Втроем мы заходим во все дворы, входим в сараи, где стоят казачьи лошади, в дома, где живут казаки, и Врангель воочию наблюдает, — как отдыхает полк? Он просит Без-ладнова говорить ему абсолютно обо всех нуждах полка, совершенно не стесняясь ничем, и говорить запросто, не по службе, а просто — «как равный равному».

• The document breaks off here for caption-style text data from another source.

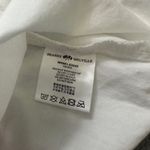 Brandy Melville John Galt Tank Top One Size Womens White Spaghetti Strap Button Photo 5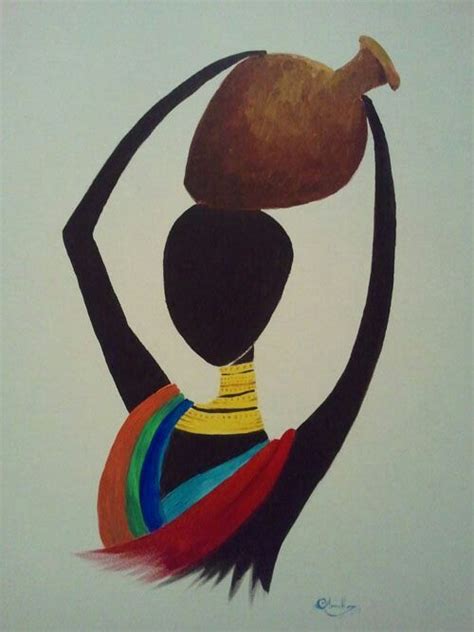Pin de noemi gloria en pinturas Arte de áfrica Pinturas africanas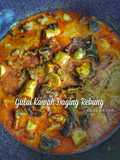 Gulai Kawah Daging Rebung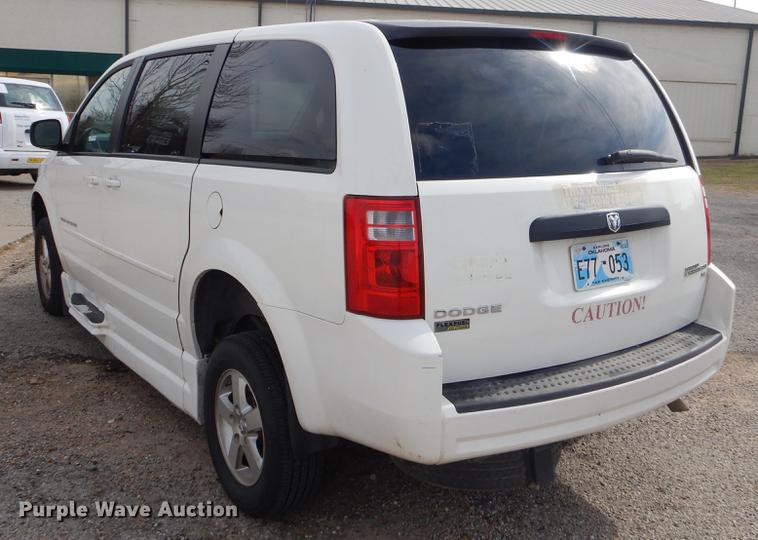 image for item EZ9799 2010 Dodge Grand Caravan SE handicap accessible van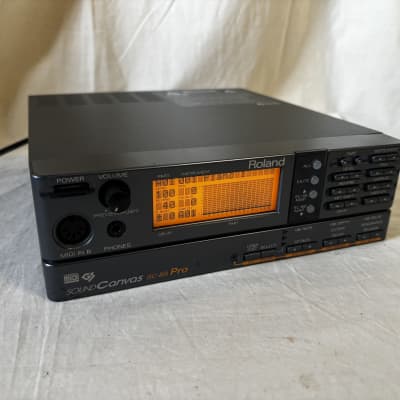 Roland SC-88pro SC88 Pro SOUND Canvas General MIDI sound modules New battery!!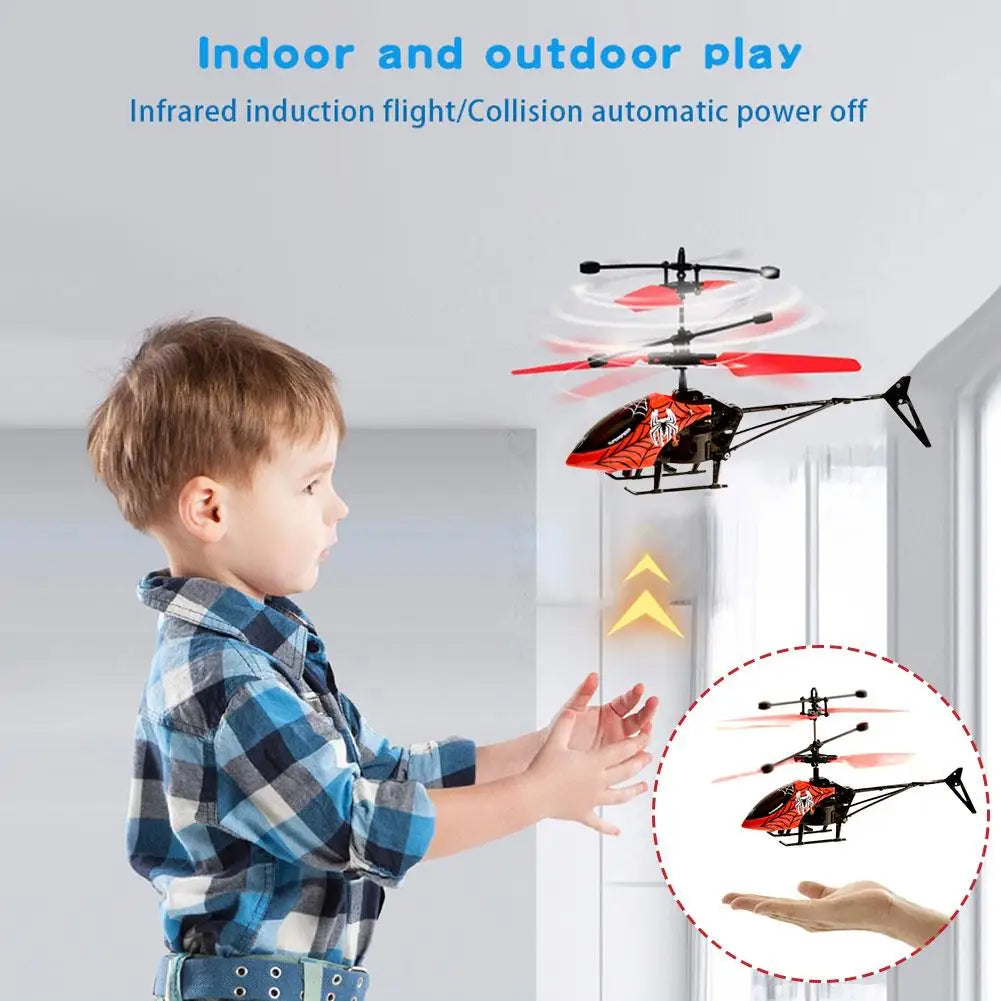 Mini Rechargeable RC Helicopter-2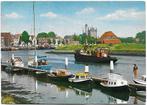 C62 Gelopen Ansichtkaart Zierikzee Haven, Ophalen of Verzenden, 1980 tot heden, Gelopen, Zeeland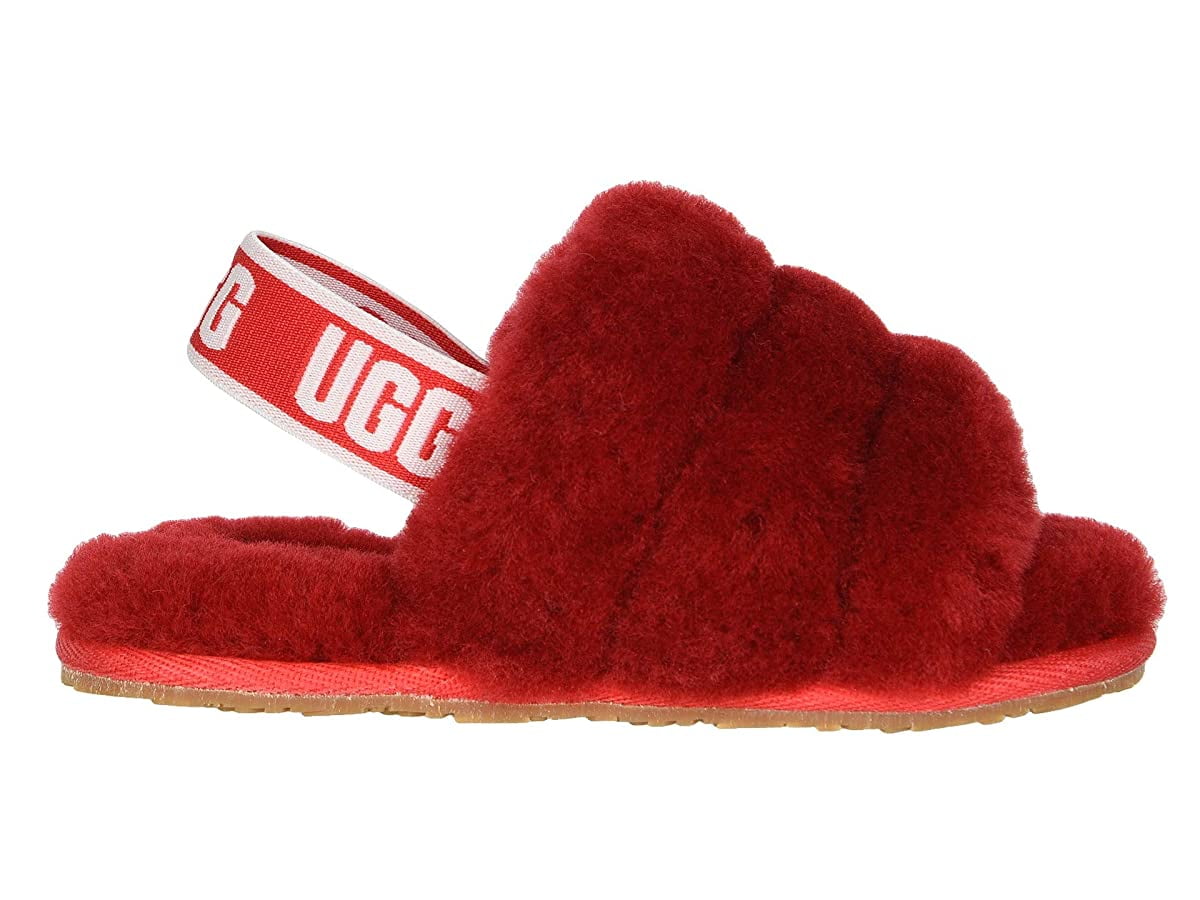 新品☆UGG☆W FLUFF SLIDE Ⅱ　24cm UGG Fluff Slide II 'Pink' 1129670-CYPT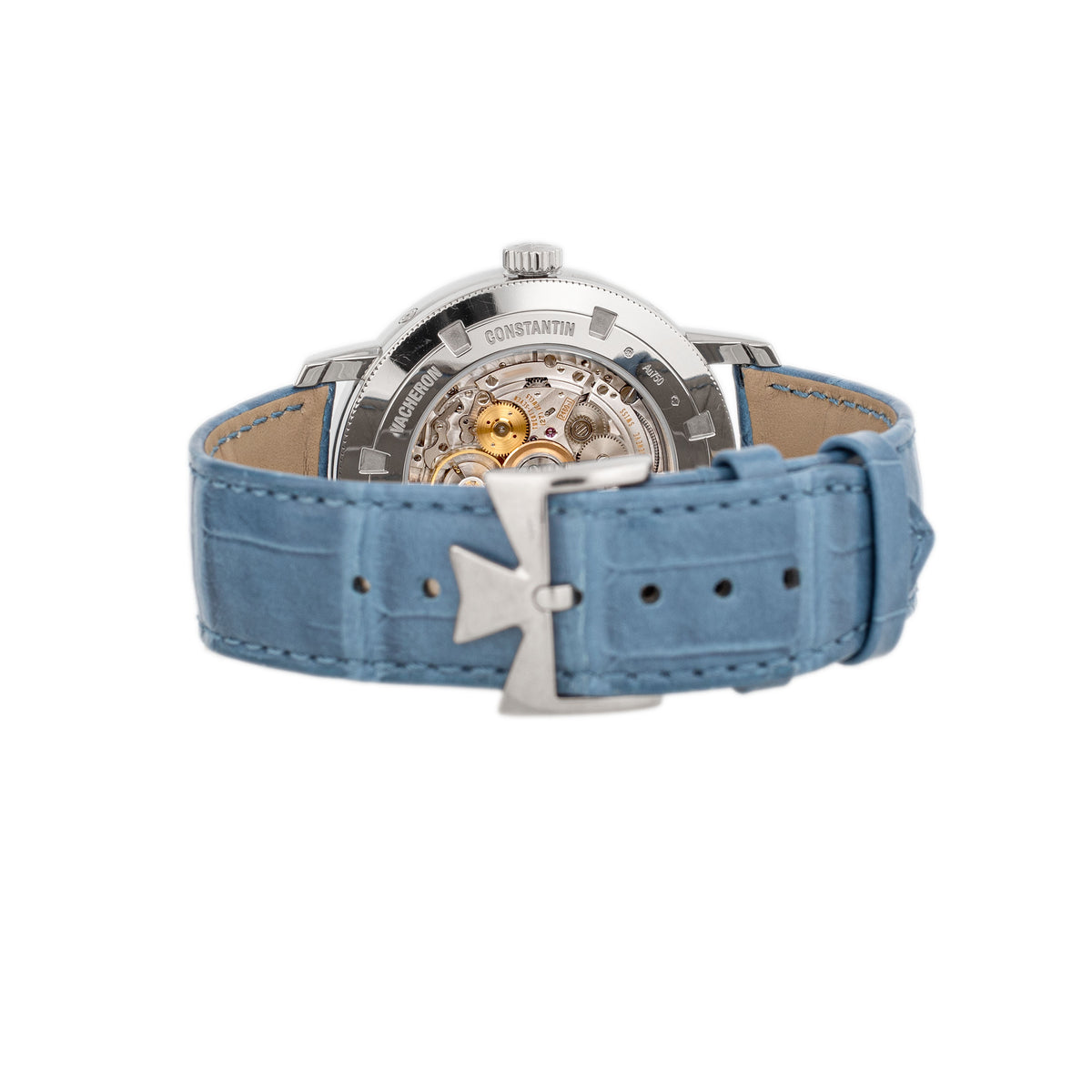 Vacheron Constantin Traditionnelle Complete Calendar White Gold Gray Dial 41mm 4010T/000G-B740 Full Set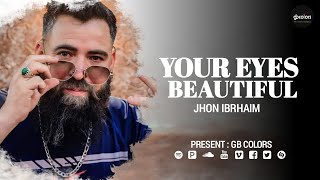 Your Eyes Beautiful  New Shina English Mix Song  Ibrahim John  New GB Songs  GB Colors [upl. by Redep784]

— Я сделаю свою дивизию самой лучшей из всех или же... уйду! — бросил фразу он. И Безладнов, человек совершенно бесхитростный и очень правдивый, «многое ему наговорил»... да так, что Врангель, от восторга за эту его казачью правду и прямоту, обнял Безладнова за талию и прижал к себе. Но я, как не имеющий права голоса, заметил, что генерал порой прищуривал глаза. Мне тогда казалось, что это он делал «от удивления», как бы спрашивая самого себя — «откуда это появилось такое странное казачье дитя?», или — чтобы скрыть свои мысли, которые возникали у него, слушая Безладнова, и выявили бы его глаза. Последнее оказалось правильным — он им остался недоволен. Об этом укажется дальше.
Генерал Врангель просил уступить «хоть пару пулеметов другим полкам, ввиду изобилия их у корниловцев». Безладнов запротестовал. Врангель его уговаривал. И странное дело: чем генерал мягче говорил, тем Безладнов больше дерзил. А потом, словно для того, чтобы прекратить этот ненужный разговор, Безладнов вдруг резко заявил:
— Я тоже хочу, чтобы наш полк был самым лучшим в дивизии! И мы свои пулеметы нигде не получали, а отбили их в боях... пусть сделают это и другие полки!
Разговор переходил в такую форму, что я ожидал, что Врангель «вот-вот осадит» строптивого нашего командира. Но Врангель только улыбался на это и при расставании благодарил Безладнова за всю его откровенность, обещая полковые пулеметы не трогать.